- Born: 15 September 2010 (age 15) Plovdiv

Gymnastics career
- Discipline: Rhythmic gymnastics
- Country represented: Bulgaria (2023–present)
- Medal record
Rhythmic Gymnastics
Representing Bulgaria
Junior World Championships
| Gold medal – first place | 2025 Sofia | Team |
| Gold medal – first place | 2025 Sofia | All-around |
| Gold medal – first place | 2025 Sofia | 5 Hoops |
| Bronze medal – third place | 2025 Sofia | 10 Clubs |
European Cup
| Gold medal – first place | 2025 Baku | Junior Group All-Around |
| Gold medal – first place | 2025 Baku | 5 Hoops |
| Gold medal – first place | 2025 Baku | 10 Clubs |
| Gold medal – first place | 2025 Burgas | Junior Group All-Around |
| Gold medal – first place | 2025 Burgas | 5 Hoops |
| Gold medal – first place | 2025 Burgas | 10 Clubs |
Junior European Championships
| Bronze medal – third place | 2025 Tallinn | 10 Clubs |

= Gabriela Traykova =

Bulgarian rhythmic gymnast

Gabriela Traykova (Габриела Трайкова; born 15 September 2010) is a Bulgarian rhythmic gymnast.
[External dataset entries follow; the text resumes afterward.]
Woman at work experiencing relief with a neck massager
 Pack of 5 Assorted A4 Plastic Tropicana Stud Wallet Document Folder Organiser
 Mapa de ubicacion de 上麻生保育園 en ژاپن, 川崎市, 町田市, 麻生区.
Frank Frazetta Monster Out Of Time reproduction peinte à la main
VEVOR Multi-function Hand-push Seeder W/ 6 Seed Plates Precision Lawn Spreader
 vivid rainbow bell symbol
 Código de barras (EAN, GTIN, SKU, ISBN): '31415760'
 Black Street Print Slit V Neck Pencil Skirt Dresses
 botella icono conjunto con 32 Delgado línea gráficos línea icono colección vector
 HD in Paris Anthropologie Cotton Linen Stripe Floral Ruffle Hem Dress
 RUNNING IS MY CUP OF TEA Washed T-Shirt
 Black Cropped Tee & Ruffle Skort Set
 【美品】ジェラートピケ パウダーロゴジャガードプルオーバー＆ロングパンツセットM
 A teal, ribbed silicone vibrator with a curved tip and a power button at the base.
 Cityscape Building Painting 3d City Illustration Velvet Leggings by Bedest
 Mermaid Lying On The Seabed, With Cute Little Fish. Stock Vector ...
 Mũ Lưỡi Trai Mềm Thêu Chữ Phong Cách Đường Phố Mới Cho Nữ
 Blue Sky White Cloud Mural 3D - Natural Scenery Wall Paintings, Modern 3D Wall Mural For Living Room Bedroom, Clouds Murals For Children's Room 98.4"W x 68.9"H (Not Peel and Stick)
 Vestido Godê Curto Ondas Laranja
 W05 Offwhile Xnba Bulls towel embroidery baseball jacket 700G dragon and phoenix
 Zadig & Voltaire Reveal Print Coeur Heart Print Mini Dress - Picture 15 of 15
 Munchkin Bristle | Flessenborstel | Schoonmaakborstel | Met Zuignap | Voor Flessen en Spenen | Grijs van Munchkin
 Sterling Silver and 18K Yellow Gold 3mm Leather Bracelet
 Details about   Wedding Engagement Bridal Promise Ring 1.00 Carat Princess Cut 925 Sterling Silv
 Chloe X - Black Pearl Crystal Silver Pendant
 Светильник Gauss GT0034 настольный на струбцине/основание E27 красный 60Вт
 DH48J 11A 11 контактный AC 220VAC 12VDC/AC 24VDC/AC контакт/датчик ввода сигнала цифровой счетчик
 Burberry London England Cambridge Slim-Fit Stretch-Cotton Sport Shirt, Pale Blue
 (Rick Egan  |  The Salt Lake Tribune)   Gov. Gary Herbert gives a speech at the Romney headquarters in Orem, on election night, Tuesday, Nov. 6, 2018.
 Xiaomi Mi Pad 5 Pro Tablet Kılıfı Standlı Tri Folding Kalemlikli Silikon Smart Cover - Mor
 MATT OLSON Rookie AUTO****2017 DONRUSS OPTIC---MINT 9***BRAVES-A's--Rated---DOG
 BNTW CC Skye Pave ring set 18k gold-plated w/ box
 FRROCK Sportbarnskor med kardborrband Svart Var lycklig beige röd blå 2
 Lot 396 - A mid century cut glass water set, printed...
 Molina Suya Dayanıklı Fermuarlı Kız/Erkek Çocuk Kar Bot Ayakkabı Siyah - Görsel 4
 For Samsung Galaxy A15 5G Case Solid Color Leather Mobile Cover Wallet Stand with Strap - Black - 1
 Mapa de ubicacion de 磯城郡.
She represents Bulgaria in international competitions.

== Biography ==
In November 2023 Traykova was selected for the new Bulgarian junior group. In 2025 she won silver overall and gold with 5 hoops at the Bosphorus Cup. Later the group won bronze in the All-Around and gold with 5 hoops at the Aphrodite Cup in Athens. At the Sofia Cup they won gold in the All-Around and with 5 hoops. Competing at the European Cup in Baku the group won all three gold medals. They repeated the same results in Burgas. In May she took part in the European Championships in Tallinn, where she helped the group win bronze with 10 clubs. In June the group competed in the 3rd Junior World Championships in Sofia, winning gold in teams along group mates Raya Bozhilova, Anania Dimitrova, Elena Hristova, Yoana Moteva and Ivayla Velkovska with individuals Anastasia Kaleva, Aleksa Rasheva and Magdalena Valkova, and in the All-Around.